**Listed records**:

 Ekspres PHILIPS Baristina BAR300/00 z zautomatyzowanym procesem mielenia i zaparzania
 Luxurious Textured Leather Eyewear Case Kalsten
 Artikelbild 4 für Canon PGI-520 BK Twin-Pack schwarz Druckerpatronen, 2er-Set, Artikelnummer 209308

--

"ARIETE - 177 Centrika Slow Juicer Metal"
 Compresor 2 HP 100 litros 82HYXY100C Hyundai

**To do**: Using the data above, extract exactly the lines from the one that holds "Luxurious Textured Leather" to the one that holds "Artikelbild 4 für", both ends included, and no others.

**Response**:
 Luxurious Textured Leather Eyewear Case Kalsten
 Artikelbild 4 für Canon PGI-520 BK Twin-Pack schwarz Druckerpatronen, 2er-Set, Artikelnummer 209308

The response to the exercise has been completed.